Mães de santo como Stella de
Oxossi e Carmem do Gantois, ambas de Salvador, ainda são mais representativas e
têm maior visibilidade política do que seus pares do sexo oposto. No entanto,
quanto mais afastado da capital for o terreiro, maior será o número de homens
no topo da hierarquia, segundo Braga. Babalorixá do Ilê Axé Oyá, ele diz que a
mídia e os antropólogos têm sido responsáveis pela maior visibilidade das
mulheres na religião em detrimento dos homens.
“Qualquer coisa que se faça na
Bahia sobre candomblé são as mães de santo as requisitadas”, afirma. Mas a
crescente força masculina nos terreiros é inegável.

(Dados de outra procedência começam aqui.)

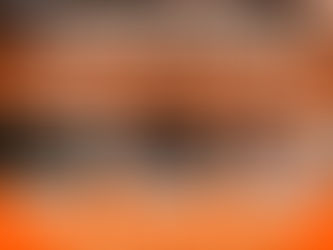 Barberías en Andorra que Tienes que Visitar – Conoce el Estilo de Bandidos Barbershop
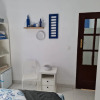 Отель B&B Villa Alegria, фото 32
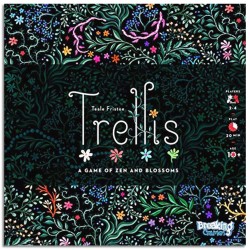 Trellis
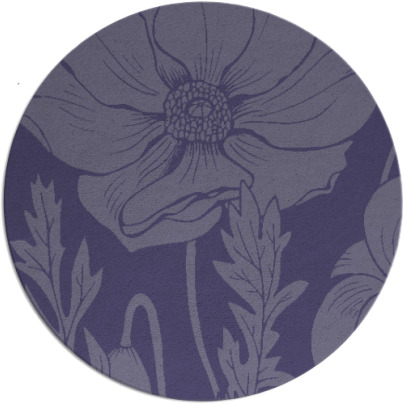 spirited rug - item 930740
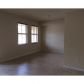 11501 NW 89 ST # 103, Miami, FL 33178 ID:10094302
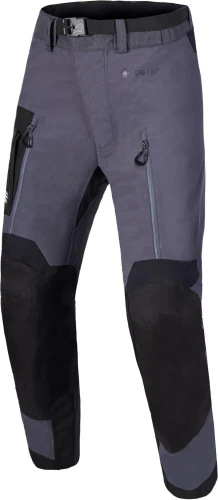 alpinestars-arenis-gore-tex--3620227-1614-1_wynik.jpg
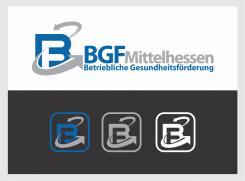 Logo  # 402677 für Entwerfen Sie ein modernes, aber trotzdem seriöses Logo mit klarem Design.  Wettbewerb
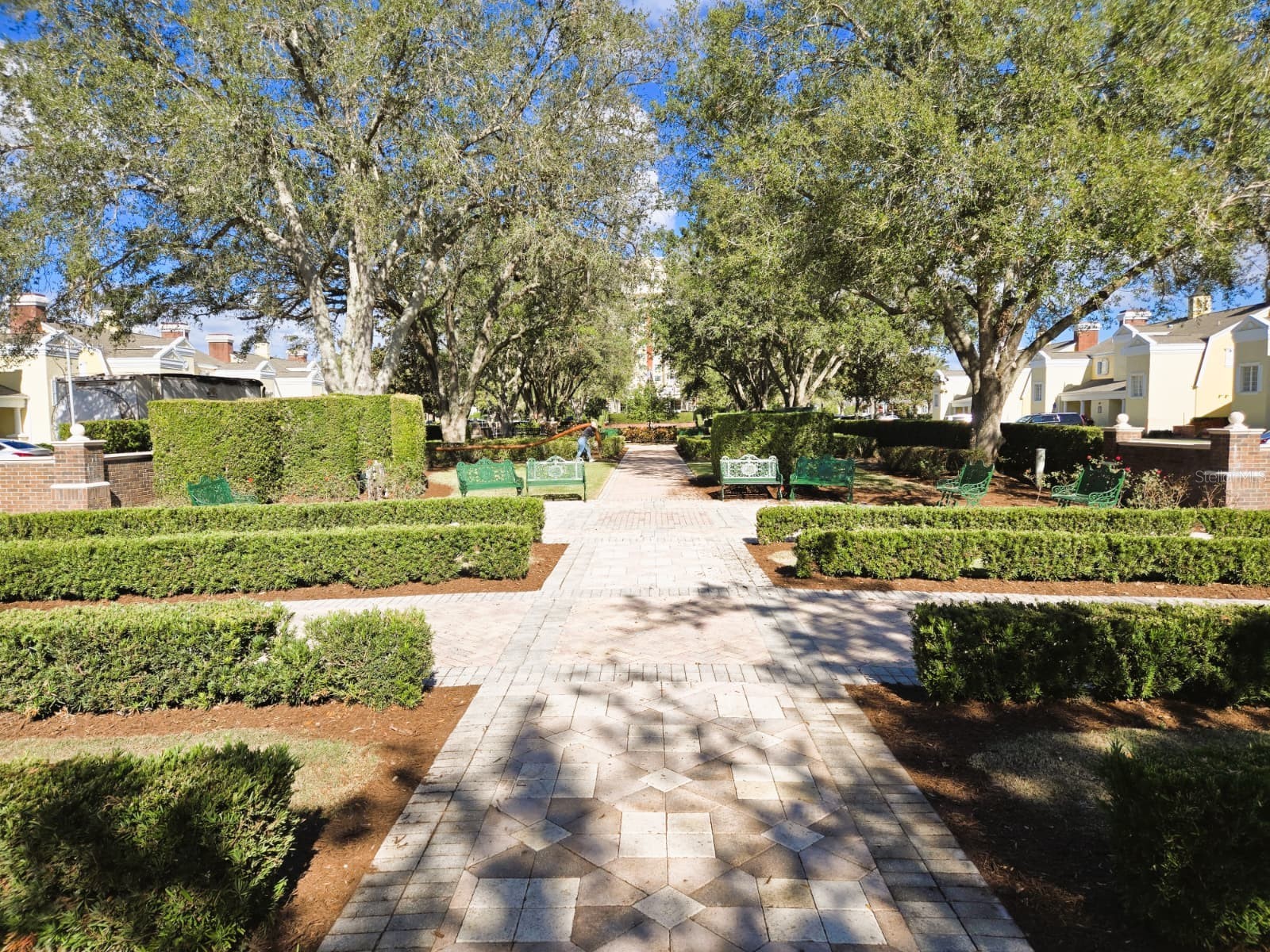 1322 Seven Eagles Court #102 Reunion FL 34747 S5153076 image15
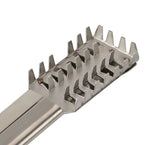 Fish scales graters / 7583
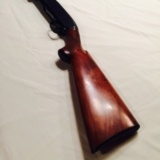 Winchester model 12-16ga. - 1 of 20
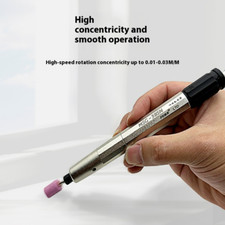 MSG-3BSN Penna Levigatrice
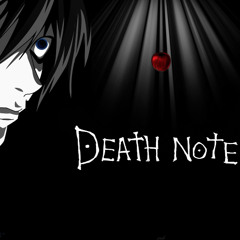 death note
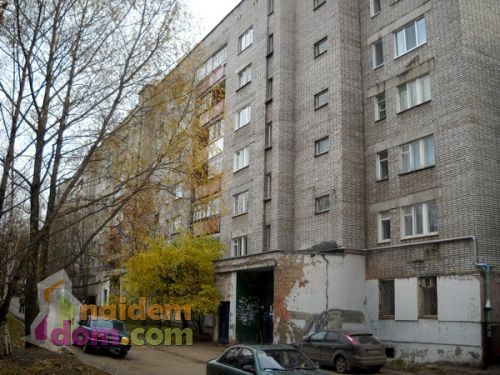 Областная больница ростова на дону детская кардиология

O candomblecista Bonfim, da
Casa de Cultura de João Pessoa, que é axogun da casa de Mãe Tucá, aponta para o
fato de os homossexuais estarem ocupando, inclusive, o espaço das mulheres nos
rituais das religiões afro-brasileiras. “Eles usam paramentos femininos
próprios para a proteção dos seios, por exemplo, algo que não deveria ser
feito”, diz ele.
Culinária
Babá Pecê, da Casa de Oxumaré,
tem encontrado resistência das mulheres toda vez que procura fazer com que
homens dancem em cerimônias públicas – um ritual que historicamente é próprio
delas. “Estou tentando mudar isso aos poucos”, afirma. Outras transformações,
porém, já aconteceram. “Por exemplo, hoje aqui na Bahia, homens vendem acarajé
como parte do trabalho do terreiro. Antigamente, apenas a mulher fazia isso”,
relata.
Criado numa família de baianas do acarajé, Edvaldo da Silva, 29 anos,
assumiu o lugar da mãe e da irmã na venda da iguaria. Há um ano e meio, é ele
quem comercializa a comida típica na porta da Casa de Oxumaré.
“A gente tem de
invadir o espaço da culinária, já que elas estão cada vez mais presentes na
política do País”, diverte-se Silva. Brincadeiras à parte, é preciso evitar que
a ascensão masculina relegue a mulher a postos subalternos nos terreiros, o que
pode distanciá-las de vez do exercício do poder religioso e deixar apenas na
lembrança a imagem de autoridade das mães de santo.